Task item:
Your reply should restate the lines from the top of the entries through the line containing "Casual Cotton Trousers" word for word, with no pictures.

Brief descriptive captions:
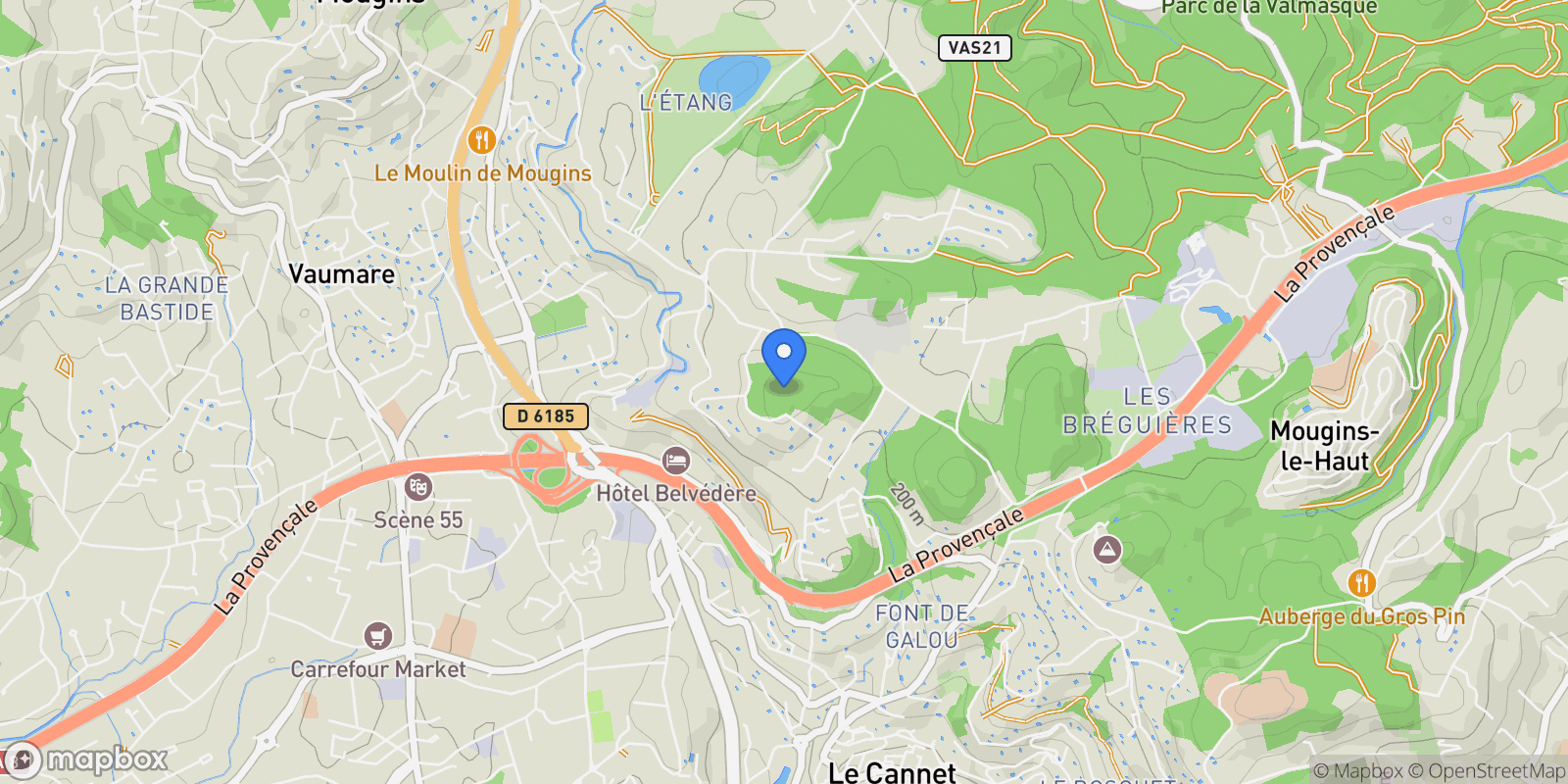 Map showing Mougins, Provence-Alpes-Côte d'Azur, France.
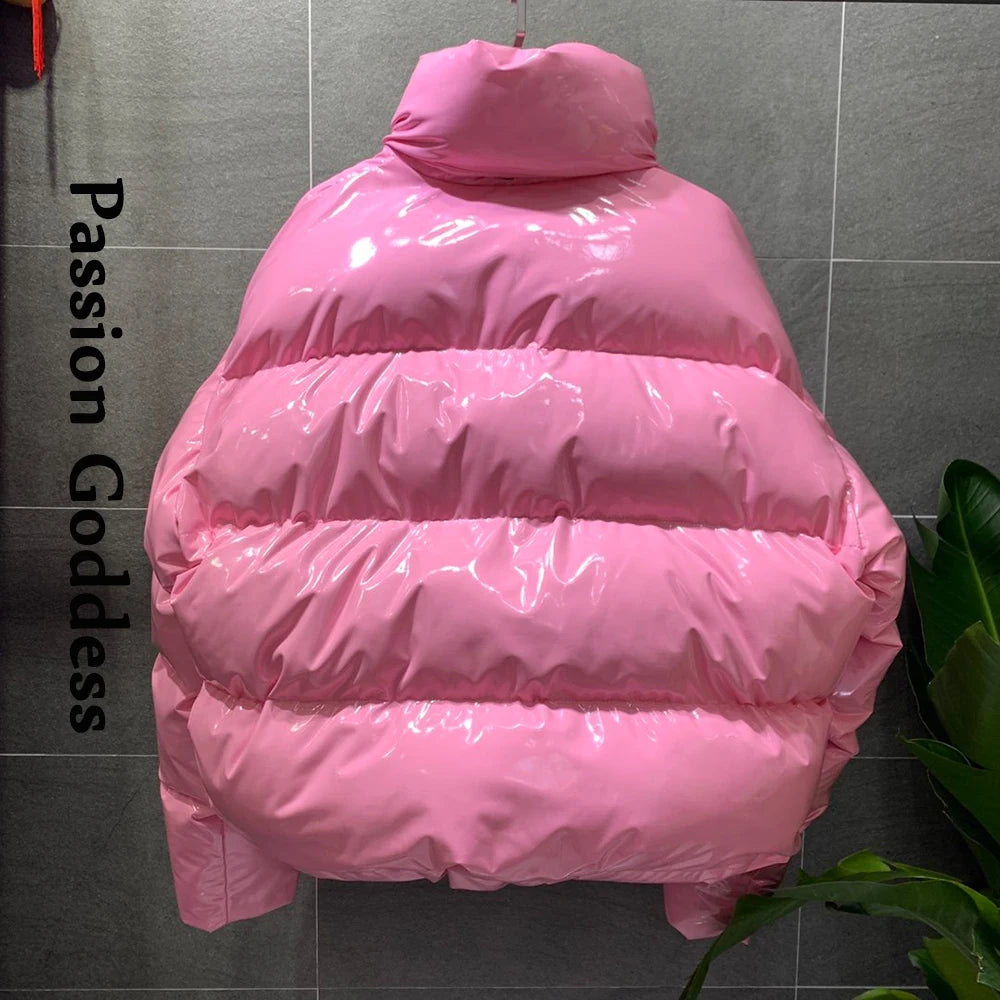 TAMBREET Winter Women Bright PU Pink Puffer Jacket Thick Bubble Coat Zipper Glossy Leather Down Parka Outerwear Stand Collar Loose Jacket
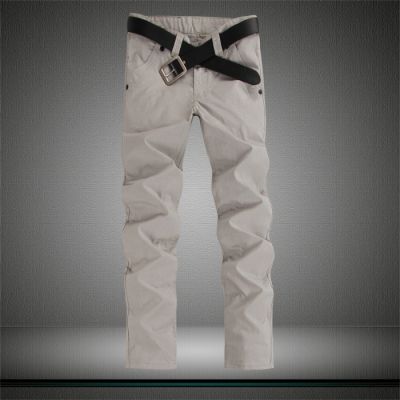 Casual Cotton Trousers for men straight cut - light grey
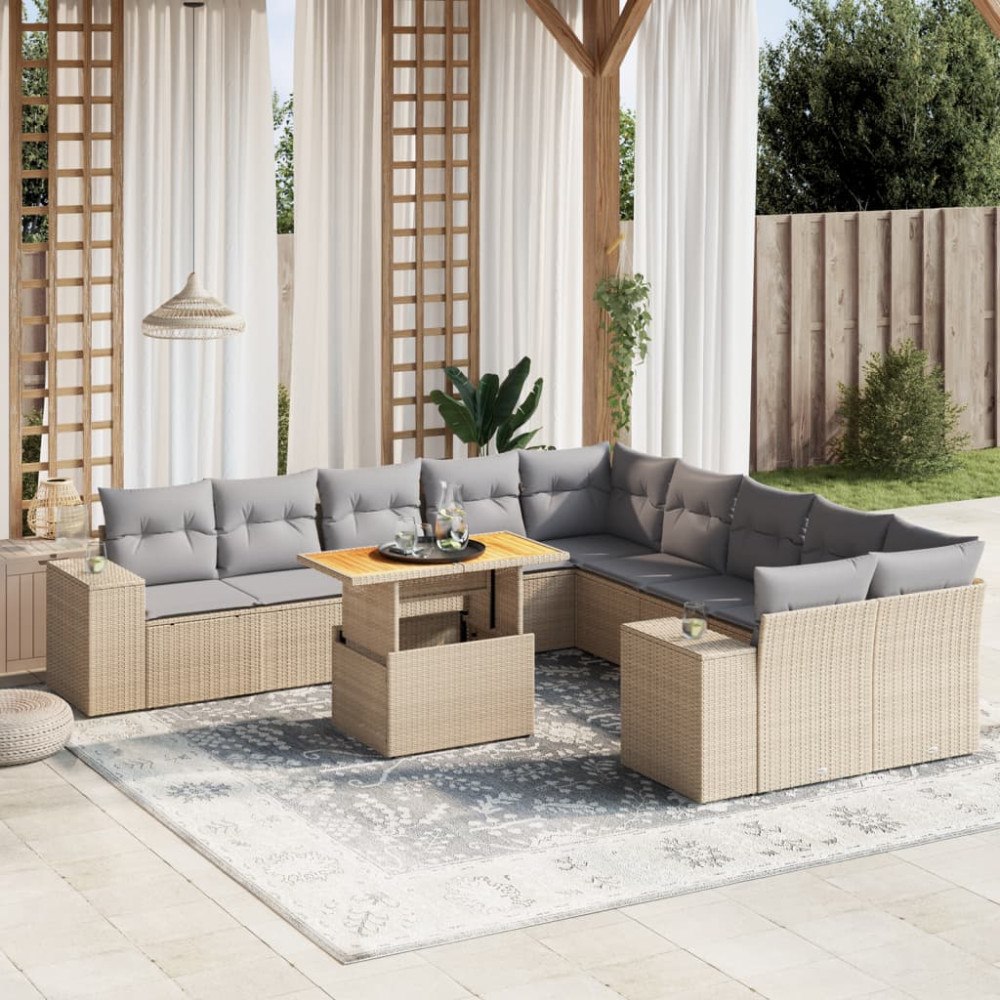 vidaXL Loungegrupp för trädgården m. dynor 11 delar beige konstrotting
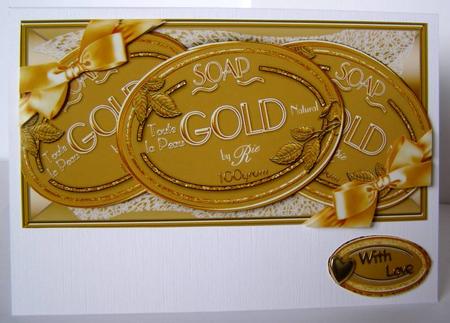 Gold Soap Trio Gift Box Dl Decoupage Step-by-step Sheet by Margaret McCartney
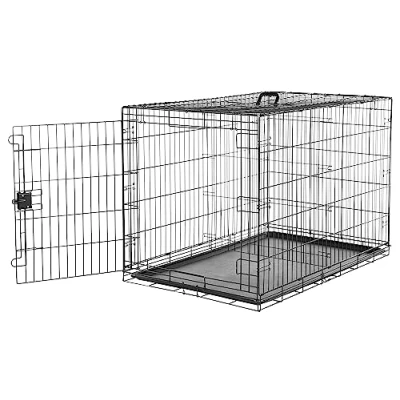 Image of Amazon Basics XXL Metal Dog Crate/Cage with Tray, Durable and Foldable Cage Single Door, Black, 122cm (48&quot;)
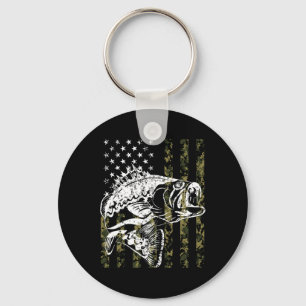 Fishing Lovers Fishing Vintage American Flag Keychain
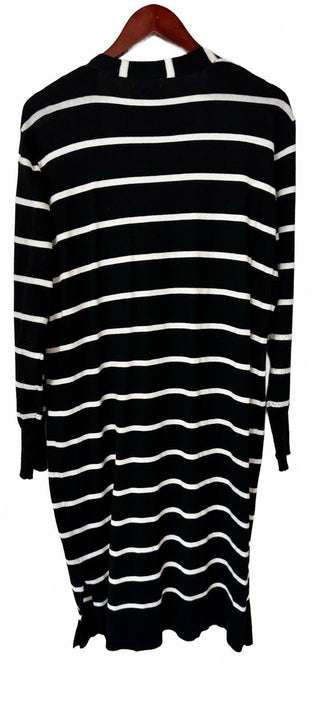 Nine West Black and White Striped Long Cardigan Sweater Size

Written response:
 Map showing Mougins, Provence-Alpes-Côte d'Azur, France.
 TAMBREET Winter Women Bright PU Pink Puffer Jacket Thick Bubble Coat Zipper Glossy Leather Down Parka Outerwear Stand Collar Loose Jacket
 Casual Cotton Trousers for men straight cut - light grey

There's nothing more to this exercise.